At this stage, the suburb of Collingwood had no roads and the stumps of newly felled gum trees poked out of the ground. A four-foot-high gum stub protruded right at the entrance to the doctor's wife's new abode. Martha marvelled at the happy-go-lucky spirit of her young daughter
who remained free from all the anxieties and fears for the future that pressed on her parents
. The girl was
perfectly happy
, wrote Martha in her memoirs,
and enjoyed all the changes and chances we had passed through
. She probably slept well at night, too, unlike Martha, who found sleep
impossible
. It wasn't just apprehension that kept her awake; her restlessness was also
owing to the crowds of mosquitoes that attacked us
. Everyone complained about the mosquitos. Some newcomers reacted so badly to the insects' stings that they had to be hospitalised. And when they were not being monstered by mosquitos, neophyte Victorians were driven mad by flies.
4

But if insects were irritating, there was a more menacing scourge.

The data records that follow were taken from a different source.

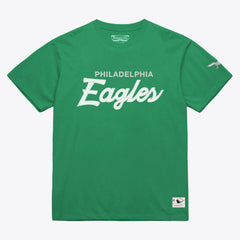 Philadelphia Eagles Head Coach Classic T-Shirt - Kelly Green on sale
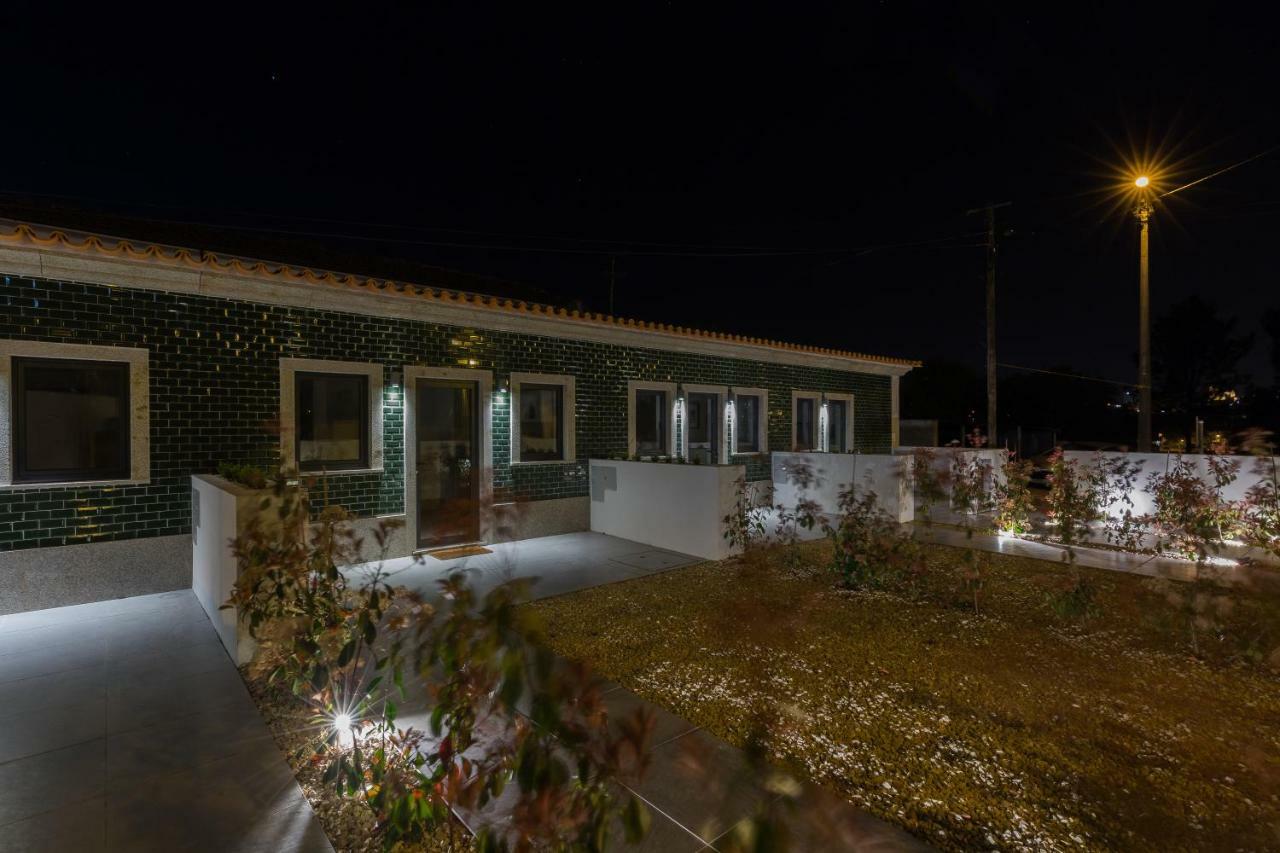 Green Villas Douro Gondomar  Ngoại thất bức ảnh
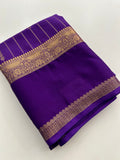 Crape Silk Fancy-M20
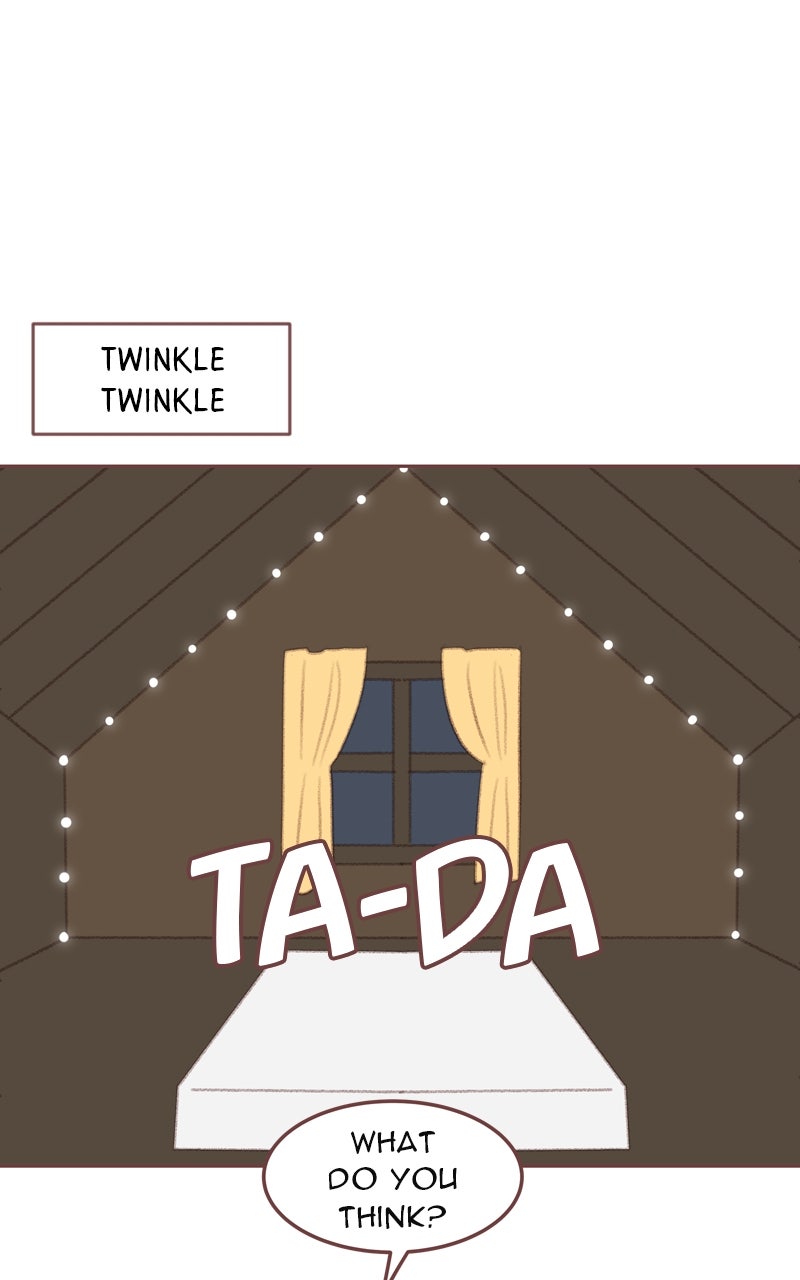 Winter Breeze Afterword page 43 - 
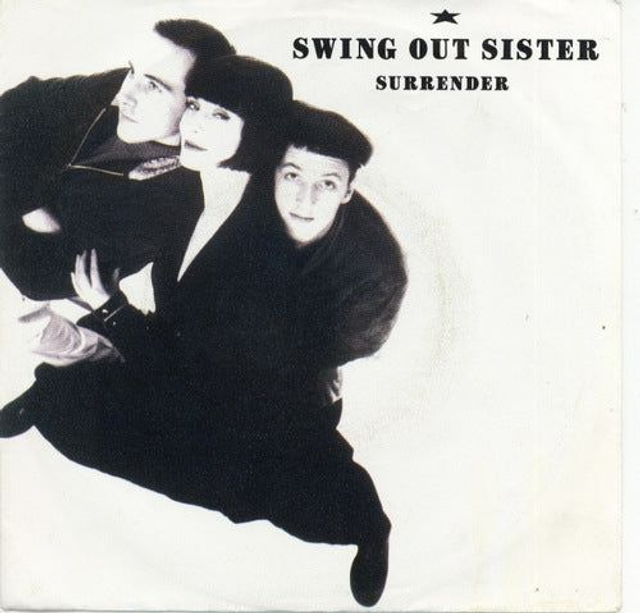 Swing Out Sister - Surrender
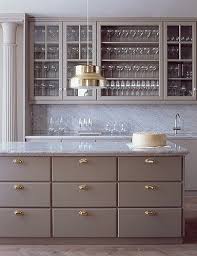 Loft Cottage How To Pick Neutral Paint Colors Grey Kitchen Cabinets Kitchen Inspirations Kitchen Design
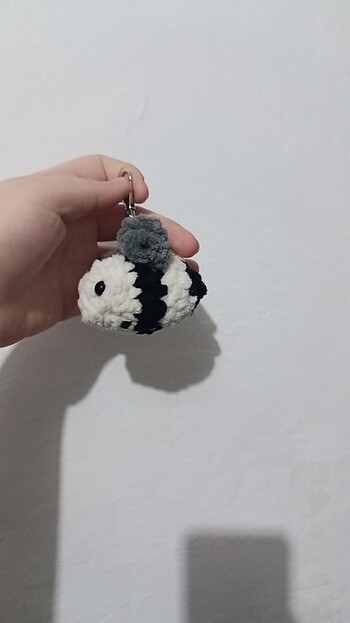 Beden Zebra arı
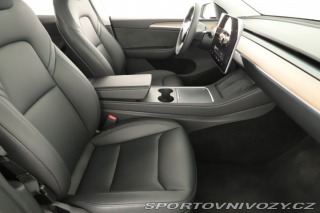 Tesla Model Y Long Range AWD 79kWh 2023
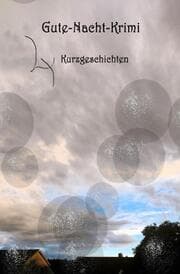 Cover von Gute-Nacht-Krimi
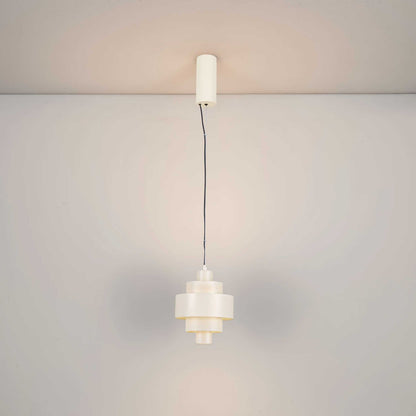 Nova Luce Lampa wisząca LED Mindy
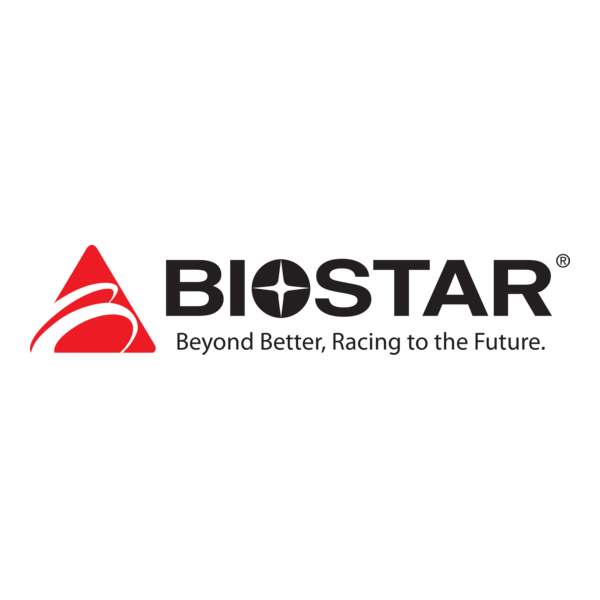 Biostar Logo PNG Vector (SVG) Free Download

Colonial fever was a quaint name for a hideous disease: typhus, spread by head lice, and characterised by headaches, chills and the foul smell of rotting bodily fluids. It was sometimes known as
putrid fever
. Colonial fever was exacerbated by overcrowding and poor hygiene. It took out young and old, hearty and sickly alike, and it frightened even the Pollyannas among the immigrants. Women were known to shave their pubic hair to diminish the chances of lice infestation. To add to the lethal mix, influenza, scarlet fever, measles, tuberculosis and whooping cough all became endemic in Victoria in the 1850s, associated with high immigration, high birth rate and congested living conditions.